A balance transfer transaction might cost you because fees are one way credit card companies make money. The balance transfer fee is typically either a set amount or a percentage of the amount you transfer, and usually runs between 3 and 5 percent.

The best balance transfer credit cards are the ones that don’t charge fees for balance transfers. However, a no-fee balance transfer deal will likely be available for a limited time only, after which the new card’s interest rate will apply to any unpaid balance you transfer.

Find Out: Worst Fees in America — and How to Avoid Them

Introductory Interest Rate

An introductory offer of a low or 0 percent interest rate is temporary. Generally, you can expect to get that rate for at least six months from the transfer date.

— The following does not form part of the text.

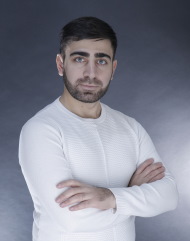 Narek Alikhanyan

At the end of the honeymoon period, your interest rate on the unpaid amount will change to the card’s regular interest rate. Find out the new card’s ongoing interest rate, and also check to see if the introductory rate applies to new purchases as well as balance transfers.

Here are a few examples of credit card balance transfer offers:

  • Capital One Quicksilver Rewards credit card: 0% APR for transfers and purchases for the first 9 months, then 13.49% APR to 23.49% APR
  • Discover it Cash credit card: 0% APR for transfers and purchases posted by April 10, 2017, then 11.49% APR to 23.49% APR
  • Chase Slate credit card: 0% APR for transfers and purchases for 15 months, then 15.49% APR to 24.24% APR

More terms apply, so do your research before you take action.

Learn: 7 Reasons Why You’re Getting That Interest Rate Today

How to Do a Balance Transfer

Transferring a balance is a straightforward process. Before you jump into it, narrow your options down to several credit card offers so you can make sure you’re getting the best deal on a balance transfer. Don’t apply for every card you’re offered — the goal is to consolidate your debt on one card. Carefully review all terms for each offer and decide which features are important to you, such as a card with no annual fee or a card that offers rewards.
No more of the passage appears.